Parte dos problemas tendem a ser resolvidos com o fim da tramitação no Congresso do projeto de lei 414/2021, que trata da portabilidade da conta de luz e moderniza o marco regulatório do setor elétrico para ampliar o mercado livre. Além disso, outras medidas por parte do Ministério de Minas e Energia e da Agência Nacional de Energia Elétrica (Aneel) também são aguardadas para a regulamentação do setor como um todo.
Para Victor Hugo iOcca, diretor de energia elétrica da Associação dos Grandes Consumidores de Energia e Consumidores Livres (Abrace), há preocupação com relação à situação dos subsídios às energias renováveis, hoje, em grande oferta no setor. Segundo ele, não faz mais sentido manter o mesmo desconto para os novos consumidores do mercado livre.
“Mesmo que mais de 90% da energia produzida no Brasil seja de fontes renováveis, será uma vantagem empresas que entrarem no mercado livre poderem escolher e se certificar de que estão comprando de uma geração limpa. É importante para a sustentabilidade. Mas essas fontes já têm competitividade. É preciso uma alteração legal para acabar com o desconto do fio”, afirma iOcca.
Bruna Correia, do BMA Advogados, ressalta que, além do rateio dos subsídios, está em jogo a distribuição da conta de outros custos do setor como de energia de reserva, de potência e de rede. Com a saída de grandes consumidores de alta tensão da clientela das distribuidoras, esse peso tende a recair sobre o consumidor final de baixa tensão, que também deve migrar para o mercado livre no futuro.
“Para uma segurança jurídica maior, é preciso a aprovação do PL 414, que trará a modernização do sistema elétrico, mas também outras medidas de aperfeiçoamento por parte do ministério e da Aneel. Entre outros pontos, é preciso definir o papel do supridor em última instância, que vai atender o consumidor em caso de emergência, se o comercializador falir, por exemplo”, explica a advogada.
A economista Clarice Campelo de Melo Ferraz, diretora do Instituto Ilumina, também defende uma nova regulação a partir de uma visão ampla do setor e alerta para outros desequilíbrios que possam ser criados com a ampliação do mercado livre. Custos sistêmicos próprios das energias renováveis precisam ser debatidos, bem como as perdas na ponta a cargo das distribuidoras e a tarifa social. “Temos que olhar a estrutura física e o equilíbrio do setor. A energia no mercado livre é mais barata não por questão de eficiência, mas porque tem menos encargos”, diz.

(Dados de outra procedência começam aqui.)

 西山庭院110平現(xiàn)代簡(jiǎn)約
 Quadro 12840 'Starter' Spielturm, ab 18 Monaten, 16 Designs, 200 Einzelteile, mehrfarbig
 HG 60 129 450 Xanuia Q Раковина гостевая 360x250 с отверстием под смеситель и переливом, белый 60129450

José Roberto Oliva Júnior, do escritório de advocacia Pinheiro Neto, argumenta que antes da edição da nova portaria houve ampla discussão e que o escalonamento é benéfico. A redução de custos que trará para empresas, principalmente pequenas e médias, também será bem-vinda. Mas ele reconhece que novas medidas regulatórias são necessárias diante de um cenário de sobrecontratação para as distribuidoras. “As regras para o mercado livre estão consolidadas. O que recomendamos é cautela com relação ao lastro das empresas que estão comercializando.”

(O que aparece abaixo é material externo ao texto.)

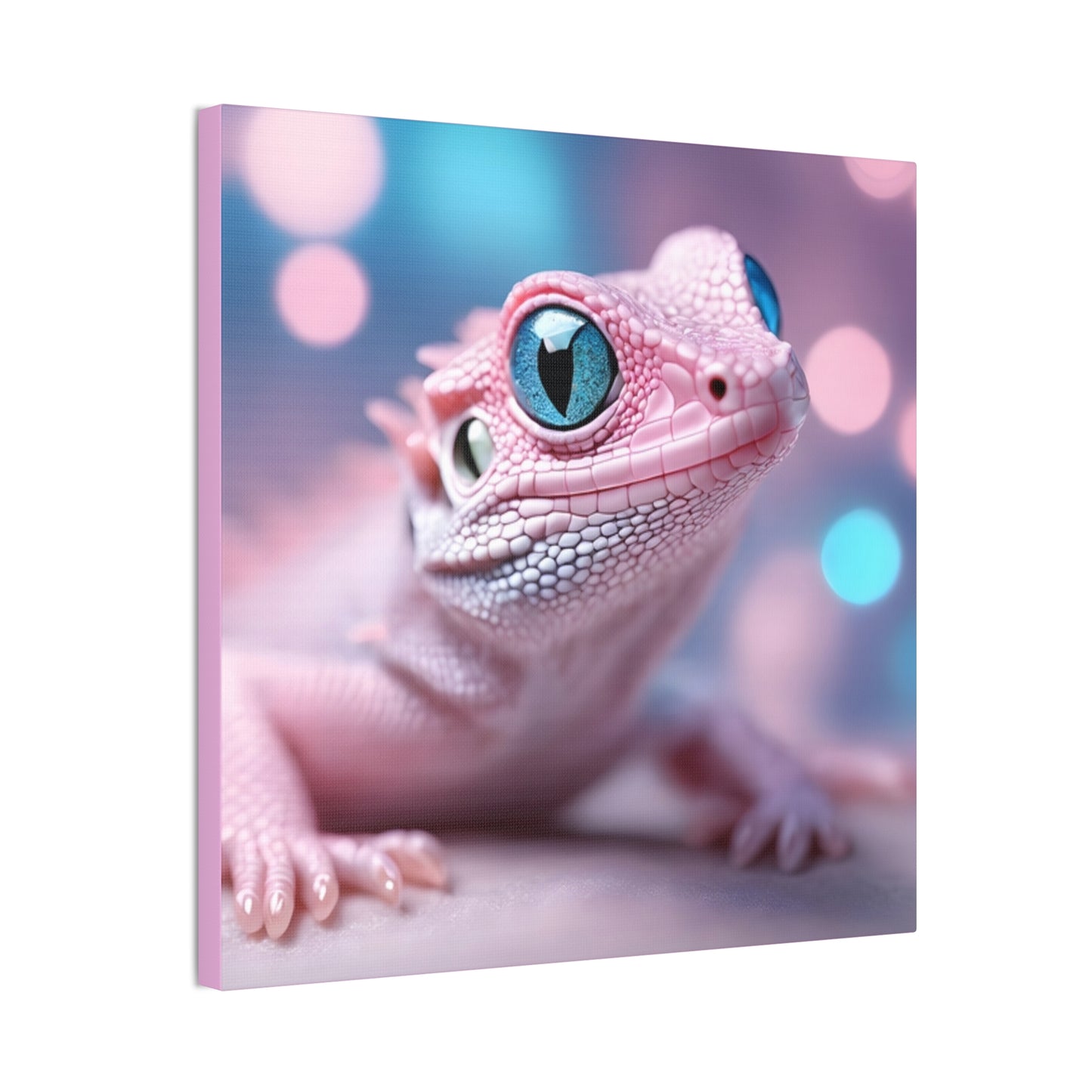 Pink Lizard - Canvas Stretched, 0.75"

O fato de as regras terem sido instituídas por portaria e não por uma lei, propriamente, gera desconfiança em parte das empresas, segundo o advogado Raphael Gomes, sócio de energia do escritório Lefosse. No entanto, são baixos os riscos de retrocesso, até porque a legislação já autoriza o uso desse instrumento na definição do cronograma e dos grupos a serem contemplados no mercado livre. Segundo ele, essa nova etapa será um teste também para a abertura total do mercado.